I was recently on the Ruby Testing Podcast where I discussed a slow change in my perspective to testing and what needs testing. I was excited in the interview so I don't think I did the best job explaining myself. So I'm sharing the link to hopefully spark some discussion here: http://www.rubytestingpodcast.com/adam-hawkins.

I may be alone in my experience, but I've not heard anyone else in the Ruby community speaking about such things. I think this approach increases quality and understanding. What do you think?

008 - Adam Hawkins - Where, What and How to Test | The Ruby Testing Podcast

Me and Adam Hawkins talk about where, what and how to test. Adam brought up some interesting ideas I hadn't thought about before including not only testing your code but testing your deployment pipeline.

@ahawkins It sounds partially like proper end-to-end tests, which they talk about a lot in the Growing Object-Oriented Software Guided by Tests book, if I remember correctly. You're right, in that you don't see much of it Rails land.

The more TDD I do, the less I like the common bottom-up approach where it's like "I'll start this feature by writing some model methods and unit test them."

@tom_dalling @ahawkins I feel I remember the classic _RSpec Book_ taking a similar outside-in approach to GOOS. The newer _Effective Testing with RSpec 3_ definitely does. I highly recommend it.
@josh @tom_dalling Question is: how far is "outside". In my personal experience, pushing "outside" farther to increase surface area yielded positive results. I also think of this in another way: I keep zooming out/up a layer while I can add regression tests. That's what got me start running tests against build artifacts. I wouldn't have made that leap without containers.
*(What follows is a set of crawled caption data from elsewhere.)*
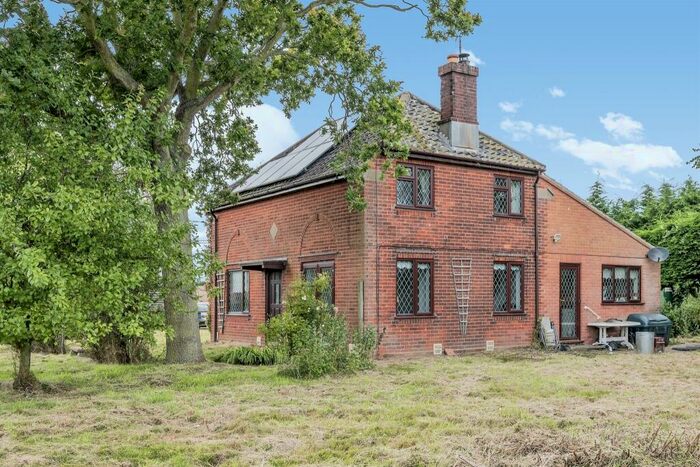 2 Bedroom Detached House For Sale In Grub Street, Happisburgh, Norwich, NR12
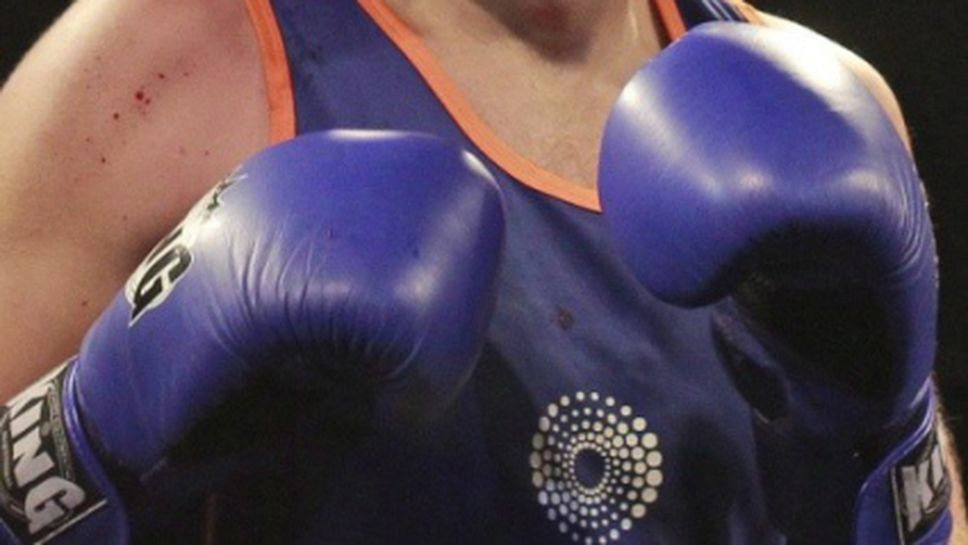 Боксьор в тежка категория счупи ръка в спаринг срещу Тервел Пулев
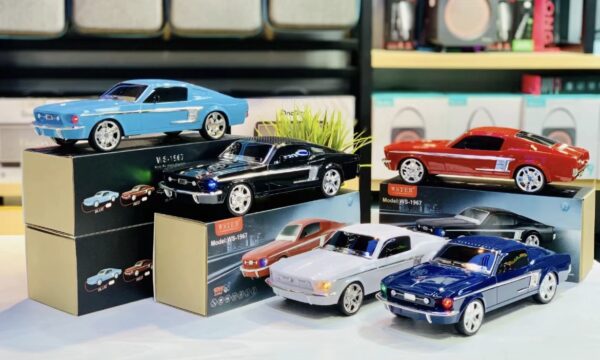 MUSTANG GT vezeték nélküli hangszóró klasszikus autós formájú Bluetooth Micro SD USB FM kihangosító TWS LED fényű hordozható hangszóró WS1967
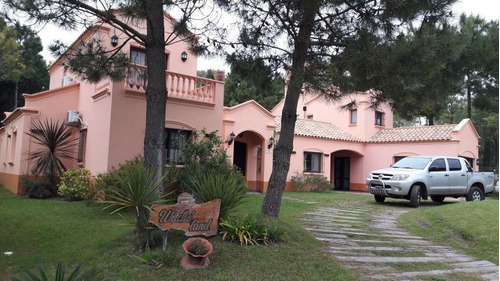 Chalet Colonial, En Dos Plantas, De 4 Dorm, Dependencias, Ga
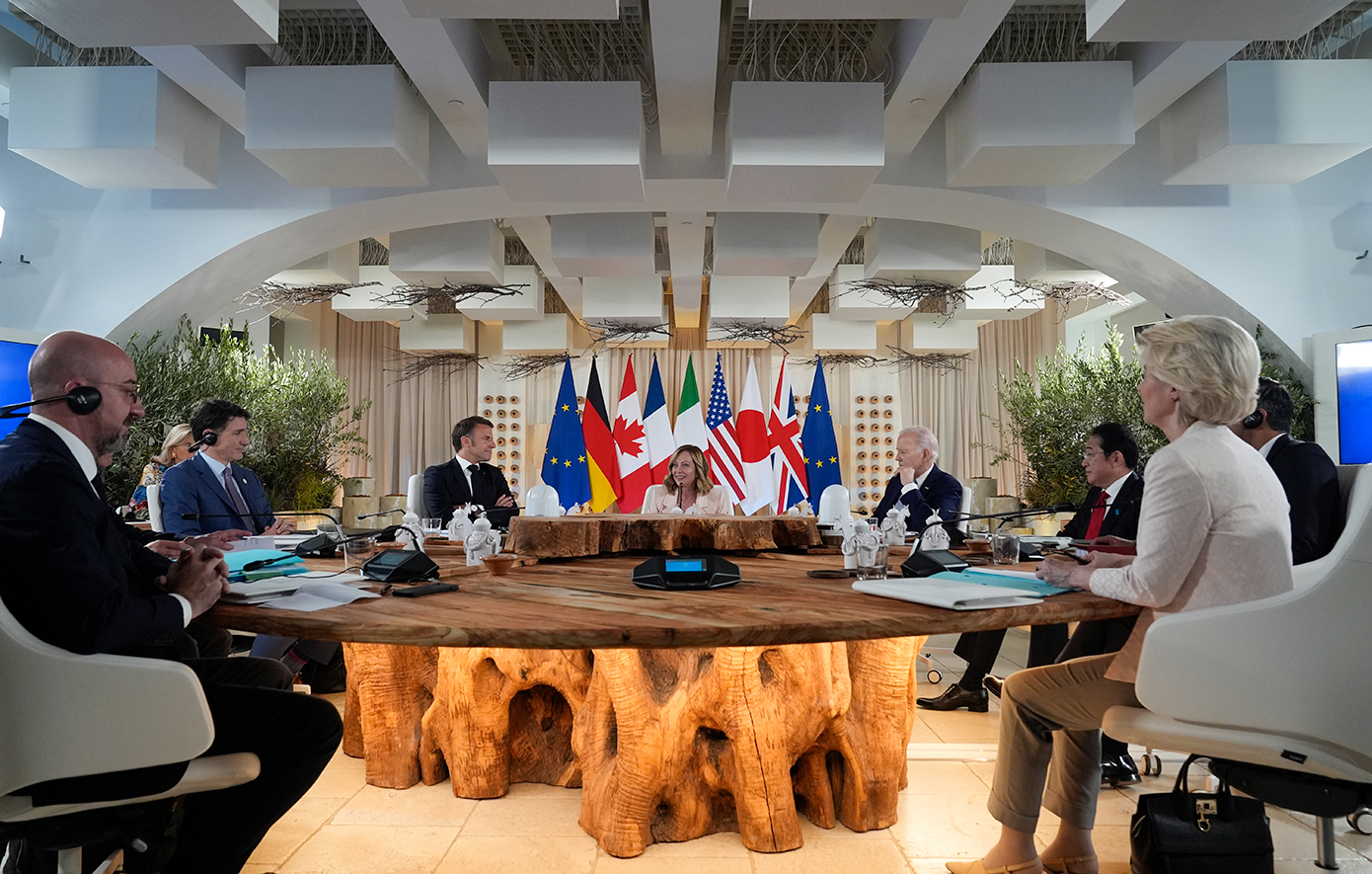 Συμφωνία στην G7 να χρησιμοποιηθούν δεσμευμένα ρωσικά περιουσιακά στοιχεία στον πόλεμο της Ουκρανίας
@ahawkins @josh I think "outside" is relative. I read an article a while back about Imgur (I think) that said they have testing bots who sign up, sign in, and post an image against the live website. I can't find the article now, unfortunately.

Ruby doesn't really have artifacts beyond folders full of files, except maybe gems. So it's hard to notice this stuff until you start building something like a Docker image. I wish we had .war files like Java.

@tom_dalling @josh I believe that's called "synthetic testing." That's another important part of a production test portfolio.